Well. So now we have hired a coach. What kind of style does Billy Gillispie play? The first place I always go to determine such things is to Ken Pomeroy's site. What I'll do below is list the raw and adjusted pace of play for Gillispie's teams for the last four years, 3 at TAMU and 1 at UTEP, and I'll throw in Florida, UK, and North Carolina's numbers from this year for comparison purposes:
At UTEP (2003-2004)
Raw Tempo: 69.3 poss/40 min National Rank=107
Adj Tempo: 69.5 poss/40 min National Rank=94
Raw Tempo: 66.6 poss/40 min National Rank=191
Adj Tempo: 65.8 poss/40 min National Rank=225
Raw Tempo: 65.5 poss/40 min National Rank=229
Adj Tempo: 64.5 poss/40 min National Rank=262
Raw Tempo: 65.4 poss/40 min National Rank=223
Adj Tempo: 65.0 poss/40 min National Rank=235
Raw Tempo: 67.6 poss/40 min National Rank=126
Adj Tempo: 66.9 poss/40 min National Rank=159
Raw Tempo: 67.1 poss/40 min National Rank=154
Adj Tempo: 66.8 poss/40 min National Rank=168
North Carolina (2006-2007)
Raw Tempo: 73.4 poss/40 min National Rank=12
Adj Tempo: 73.1 poss/40 min National Rank=9
Gillispie himself has said, "We're not going to play any particular style just for style's sake. We'll do the things that allow us the best chance to win." From looking at the pace he has played for the last few years at two different universities, it is hard to conclude that "uptempo" in any way describes the game he coaches. Only one time in the last 4 years has he played the game on average at a pace as fast as UK did this year.
Gillispie has essentially said that the kind of players he has will dictate the pace of play, and if you look at his 2004 UTEP team, you will see that they put up some big numbers offensively - three times scoring over 100 and another three times hanging at least 90 on their opponents.
But at TAMU, it is clear that Billy found a much slower style necessary. However, even this year, where TAMU's pace, on average, was slower than UK's, you will find games that TAMU played at a very high pace, such as vs. Texas, Colorado, Grambling and Missouri. Interestingly enough, TAMU won every one of its games played at 68 possessions or higher.
So what does all this say about the new UK coach? Well, to me it says his teams seem to be successful playing at almost any pace. However, when I see teams gravitate to to numbers like TAMU or UK, it tells me that pushing the pace isn't something they will generally try to do. Instead, they will allow the other team to push the pace. This stands in stark contrast to North Carolina, who played only six games all year at a pace of 66 possessions or below and relentlessly tried to push the pace in every game they played.

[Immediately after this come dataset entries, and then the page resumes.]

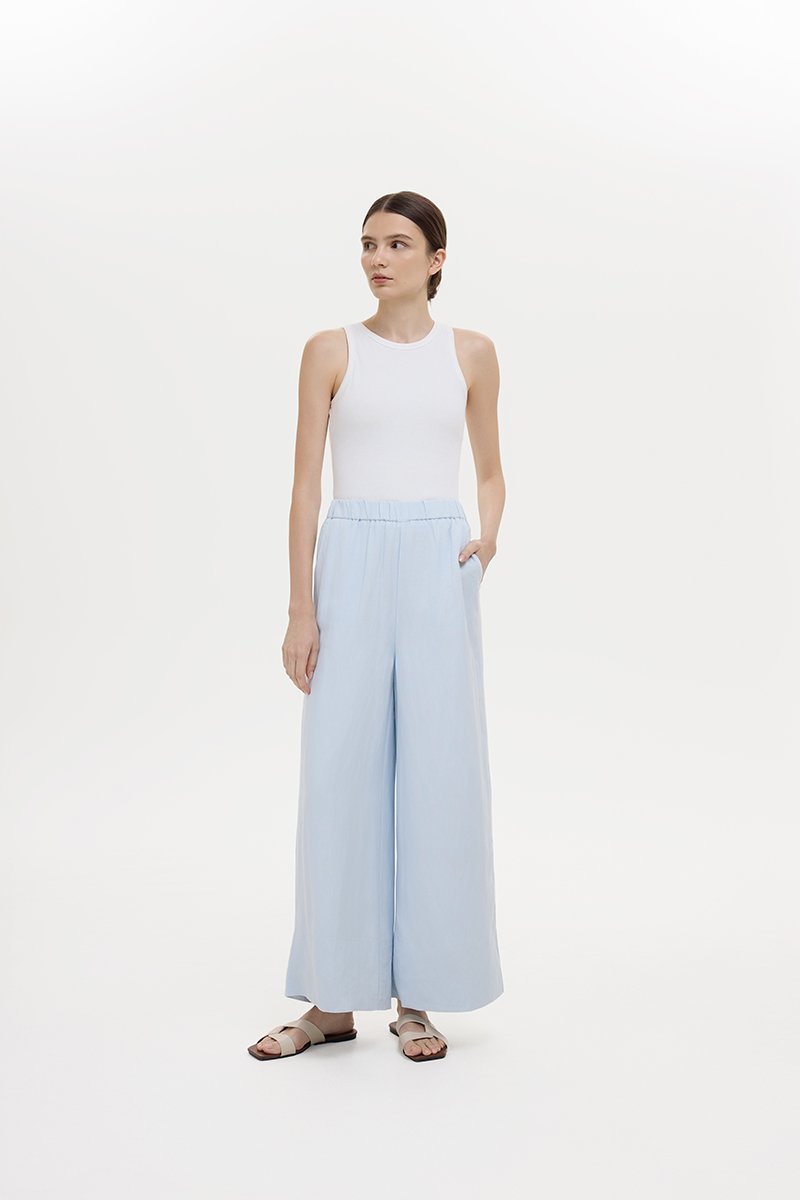 HARLEY ELASTIC WAISTBAND WIDE LEG LINEN PANTS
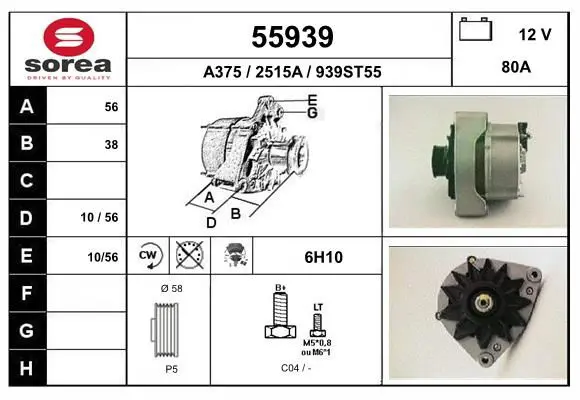 Handler.Part Alternator EAI 55939 1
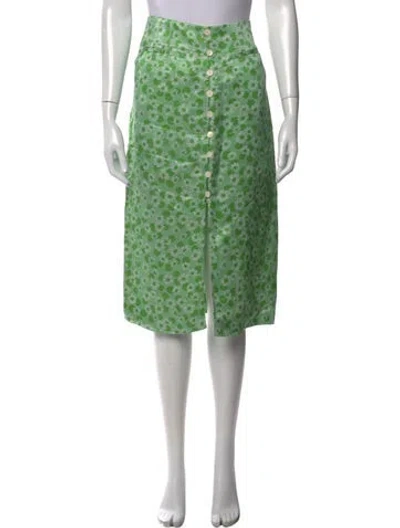 Pre-owned Sandro Linen Midi Length Skirt In Green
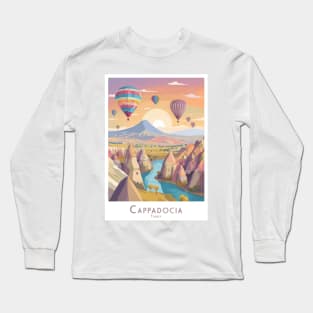 Travel Vintage Retro Poster Enchanting Cappadocia Sunset Long Sleeve T-Shirt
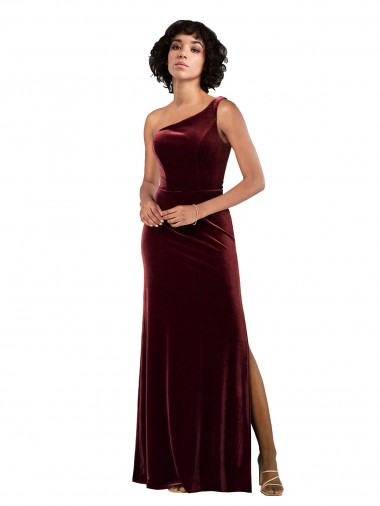 Discount Stretch Velvet Column Long Sleeveless Formal Dress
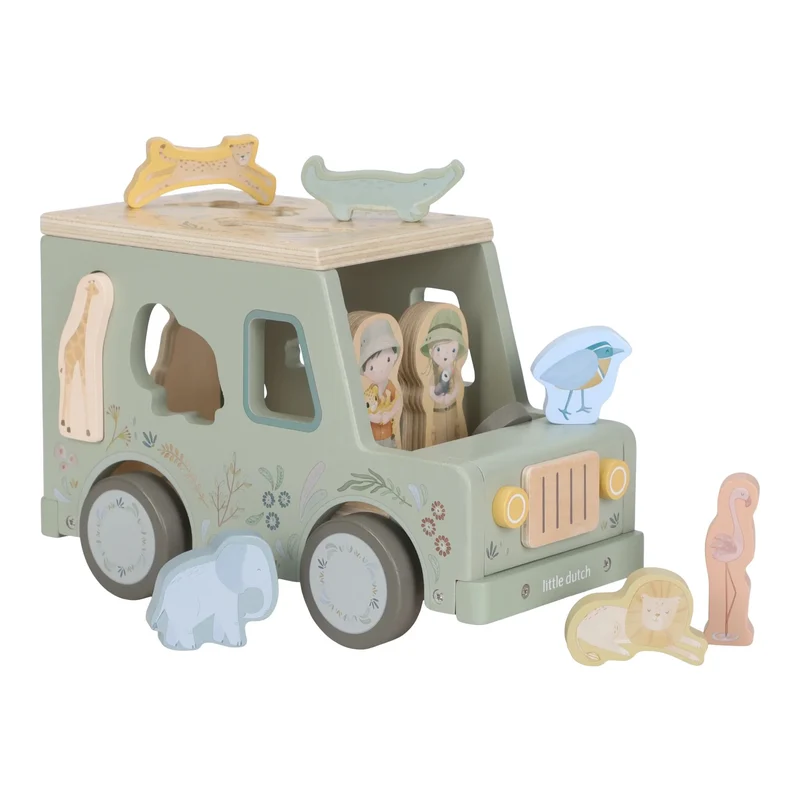 Voiture boîte à formes en bois - Safari Friends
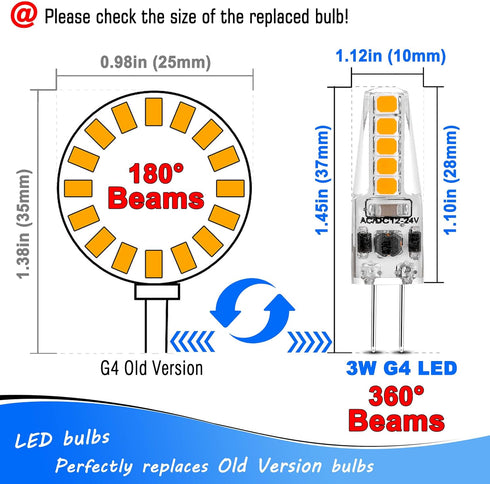 G4 LED Bulb 3 Watt Equivalent 20W-35W Halogen Bulbs 2700K Warm White 350LM AC/DC 12-24 Volt for Landscape Lighting, Under Cabinet Lighting, Chande...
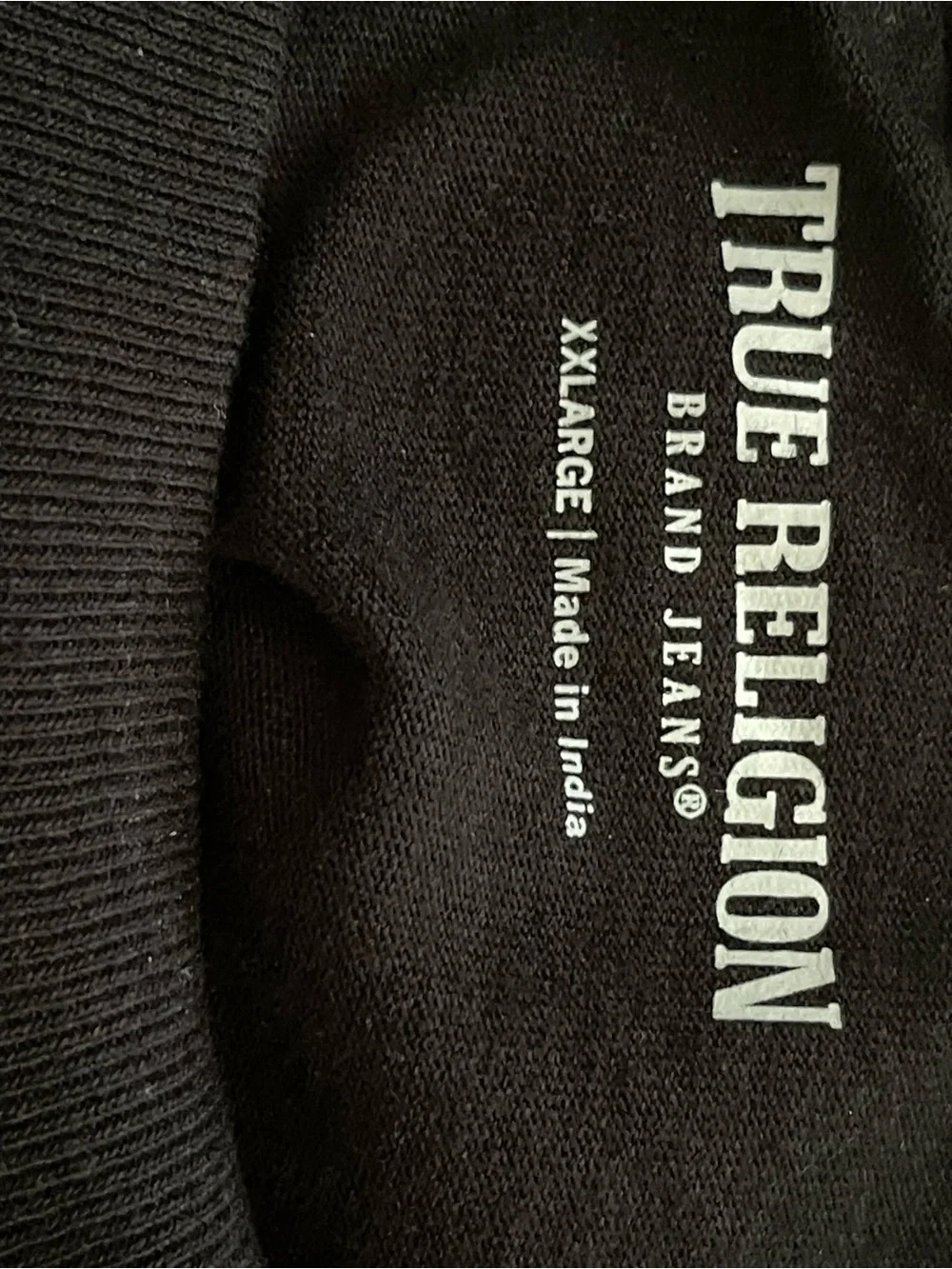 True Religion Black Short Sleeve with White Logo Accents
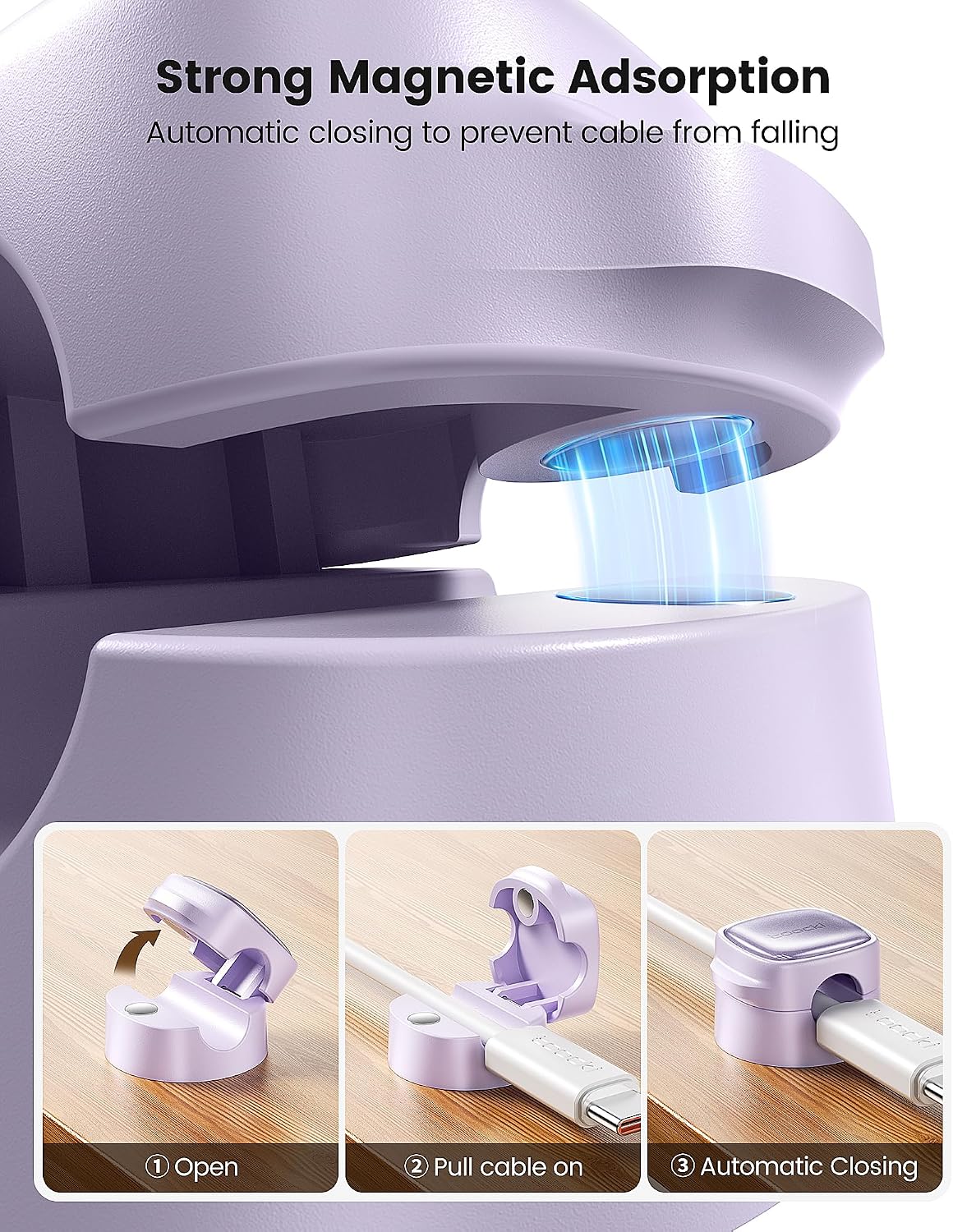 Toocki 6 Pack Magnetic Cable Clips, Purple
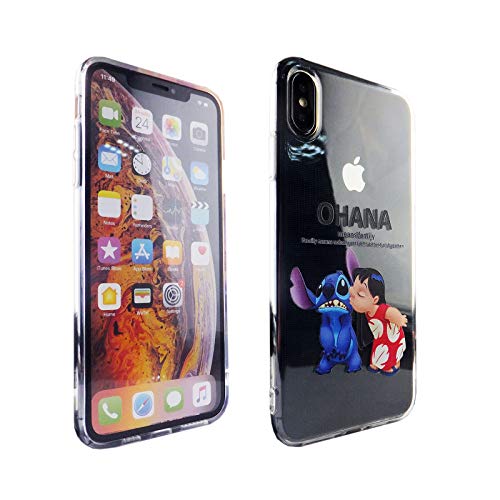 Ohana iPhone Xs Max Case, DURARMOR FlexArmor Rubber Flexible Bumper Shockproof Ultra Slim TPU Case Drop Protection Cover for iPhone Xs Max,Lilo & Stitch Ohana
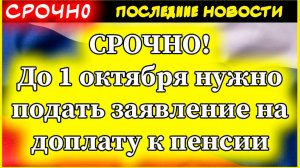 Срочная новость! До 1 октября нужно подать заявление на доплату к пенсии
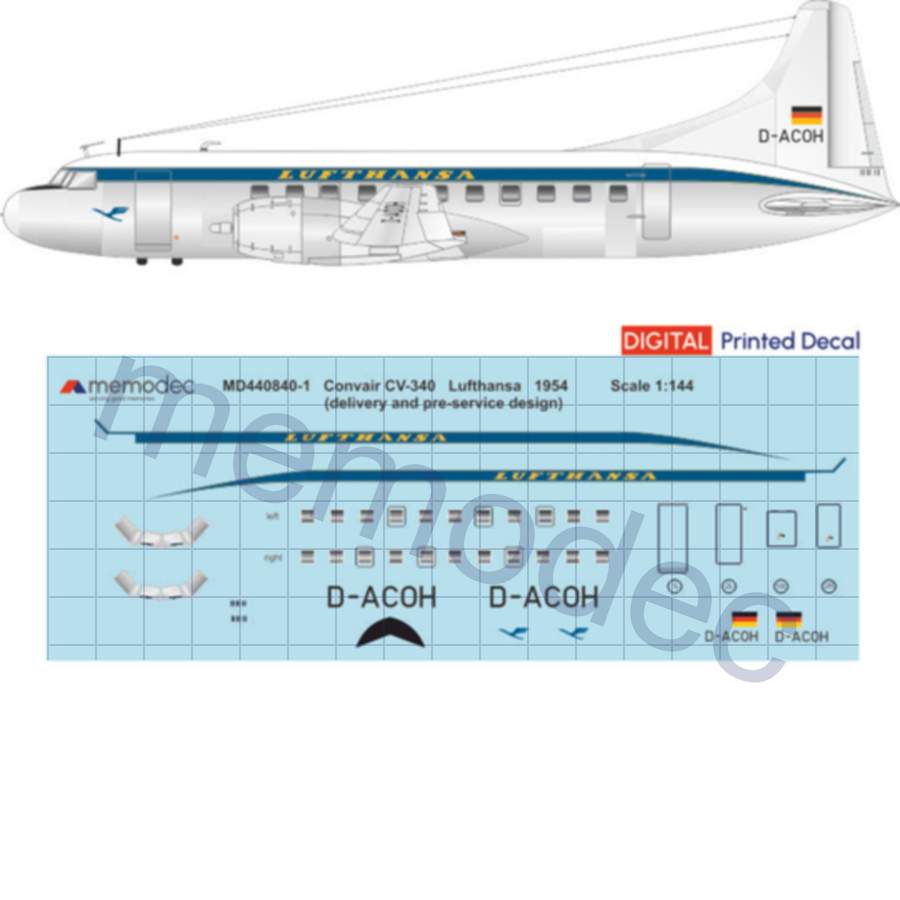 Convair CV-340 Lufthansa (1954) (Delivery and Pre-Service Livery)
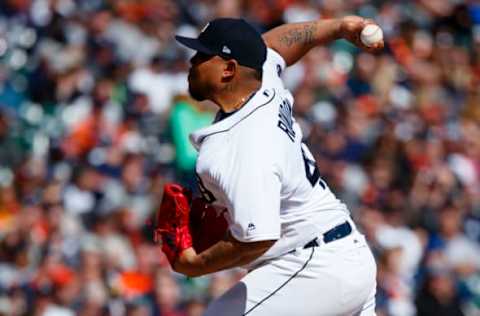 Apr 7, 2017; Detroit, MI, USA; Detroit Tigers relief pitcher Bruce Rondon (43) pitches in the eighth inning against the Boston Red Sox at Comerica Park. Mandatory Credit: Rick Osentoski-USA TODAY Sports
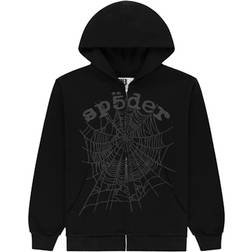 Sp5der OG Web V2 Phantom Zip Up Hoodie - Black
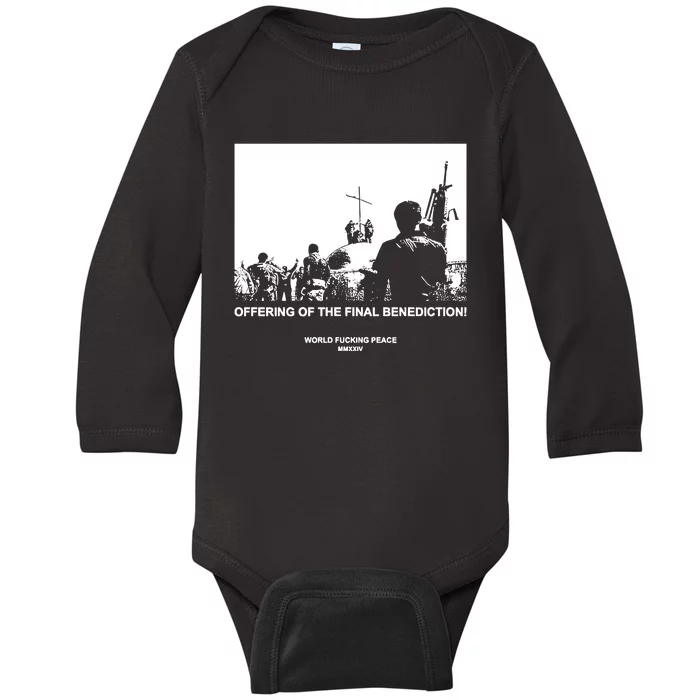 Worldfuckingpeace Store Offering Of The Final Benediction Baby Long Sleeve Bodysuit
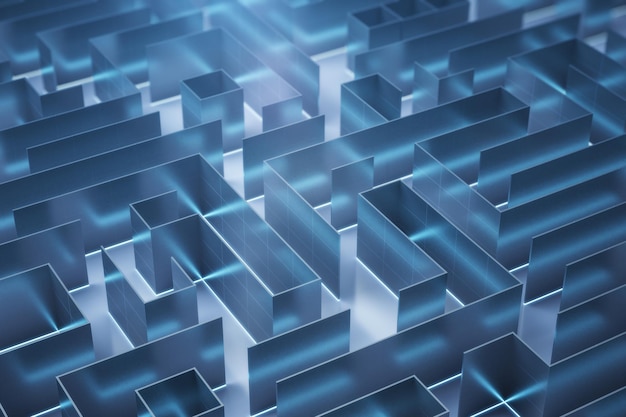 Creative blue maze backdrop 3D Rendering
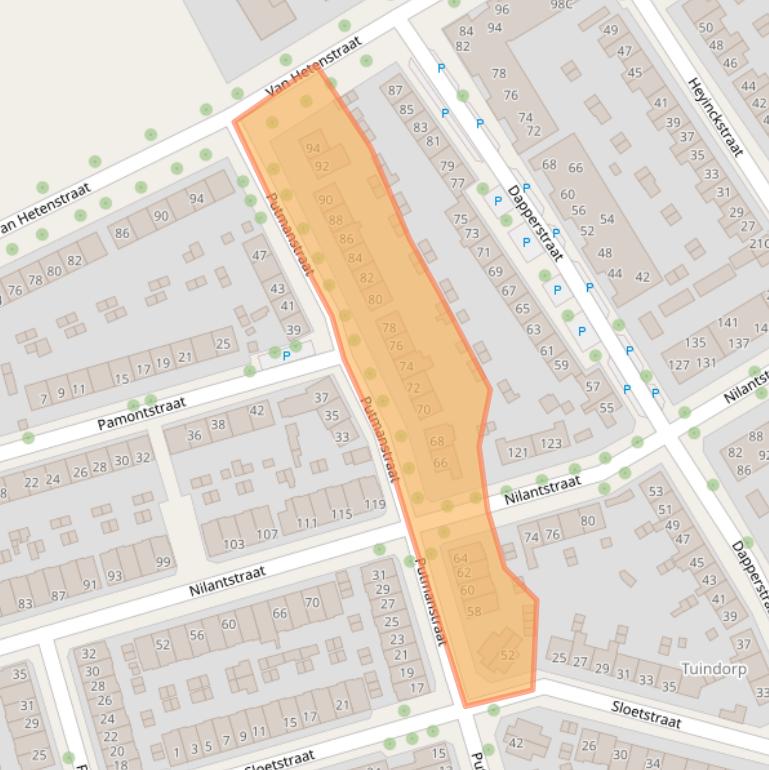 Kaart van postcodegebied 7415TR.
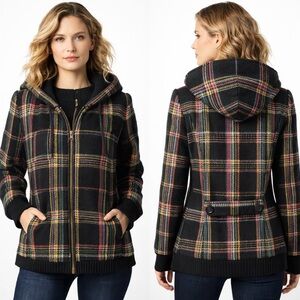Roxy Plaid Hooded Y2K Jacket Women’s XL Wool Blend 2009 Coat Gorpcore Ski Snow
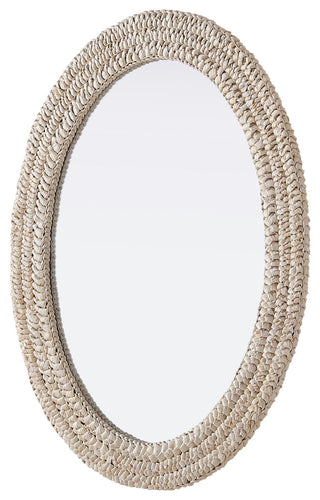 Home Living Oval Cornhusk Mirror 27x36, Linen White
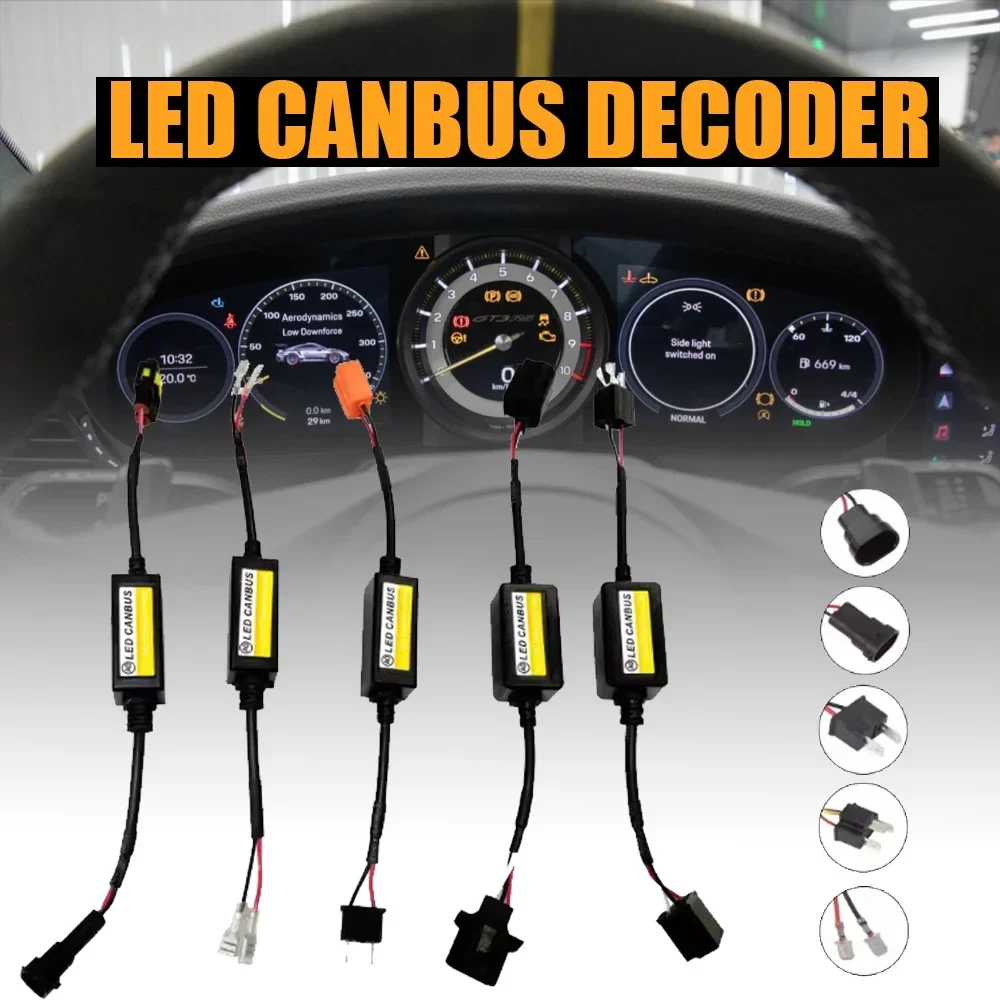 1~4PCS LED Canbus Car Headlights Error Free Resistor for SUV Fog Lights H4 H7 H1 H11 9006 9007 Adapter Anti-Flicker Interference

Billy Gillispie also tends to coach tenacious man-to-man defense, which will tend to slow down any game. It's harder to push the pace against a good man-to-man than it is against zone, because it takes longer to get an open look.
Conveniently enough, Jerry Tipton has an article in today's Herald-Leader taking a look at Gillispie's style. He also looks at Pomeroy's numbers, and quotes Gillispie thus:
"I'd like to pressure full-court man-to-man," he said. "I love to run on every single opportunity (off opponents') misses and makes. I like to cause transition points with defense."
At a pep rally prior to his introductory news conference, Gillispie told fans he wanted Kentucky to take the initiative.
"We're going to be the aggressor on everything," he said. "... We're going to play as fast and hard as we can."
So what can we expect from a Gillispie-coached UK team, pacewise? I'm not really sure. I am inclined to take him at his word, but I'm not really sure what that means for the Kentucky team that will take the floor of Rupp arena next November. But I do know this - if the past is a reliable indicator, those who were hoping for a return of the press-and-shoot days of Rick Pitino are likely to be disappointed.